> **Instructions for the task**: Starting at the line holding "(2) Nemesis Audio" and finishing at the line holding "BMW X6 xDrive35i Trắng ánh kim Mỹ 2009", transcribe the material exactly, keeping both ends but no pictures.

> **Supplied material**:
——————————
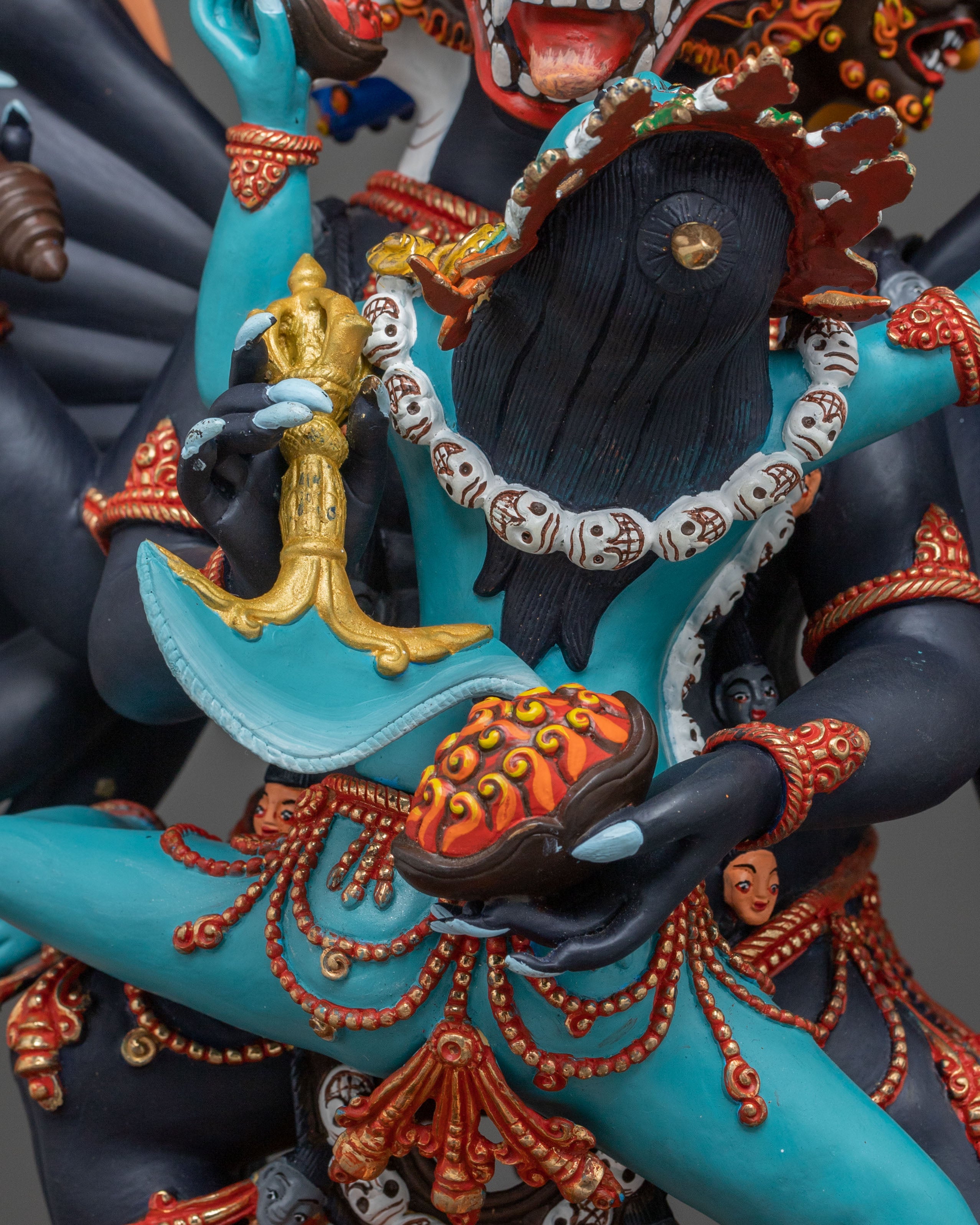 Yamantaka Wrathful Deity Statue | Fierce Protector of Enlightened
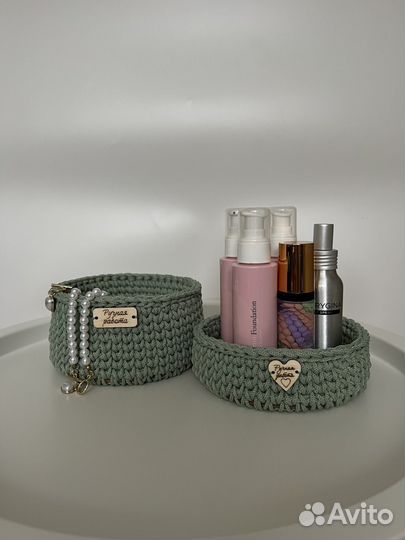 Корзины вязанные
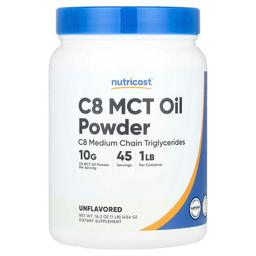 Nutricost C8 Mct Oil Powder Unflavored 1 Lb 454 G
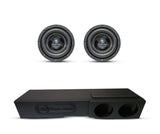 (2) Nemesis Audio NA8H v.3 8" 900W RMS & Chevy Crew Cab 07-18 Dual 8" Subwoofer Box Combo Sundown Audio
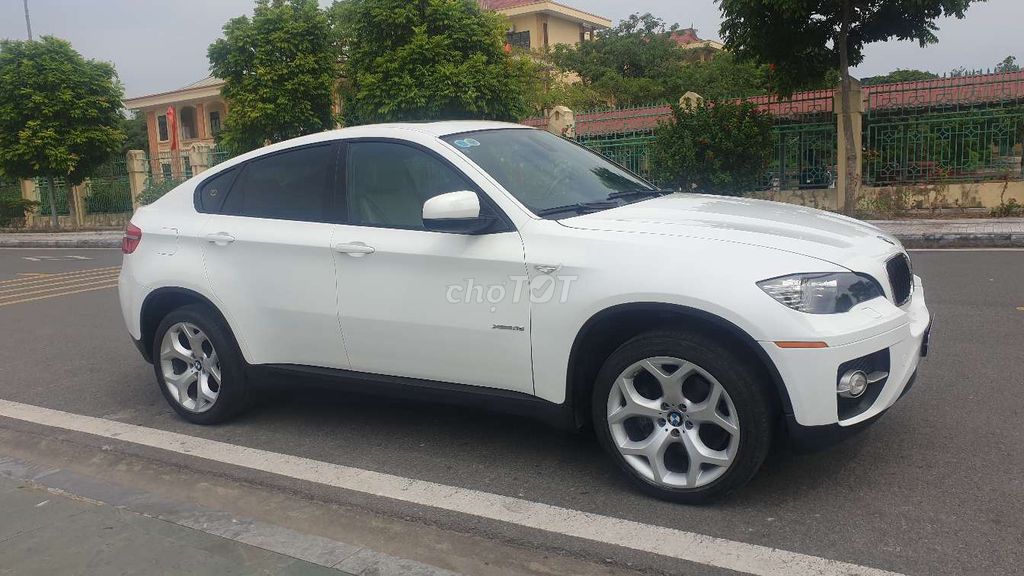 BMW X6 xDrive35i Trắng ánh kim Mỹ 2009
——————————
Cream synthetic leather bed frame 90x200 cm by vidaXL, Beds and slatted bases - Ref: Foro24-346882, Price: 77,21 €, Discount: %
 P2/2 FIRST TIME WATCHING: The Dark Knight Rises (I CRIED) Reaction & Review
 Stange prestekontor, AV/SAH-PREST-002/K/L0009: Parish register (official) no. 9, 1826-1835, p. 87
——————————
> **Task answer**:
 (2) Nemesis Audio NA8H v.3 8" 900W RMS & Chevy Crew Cab 07-18 Dual 8" Subwoofer Box Combo Sundown Audio
 BMW X6 xDrive35i Trắng ánh kim Mỹ 2009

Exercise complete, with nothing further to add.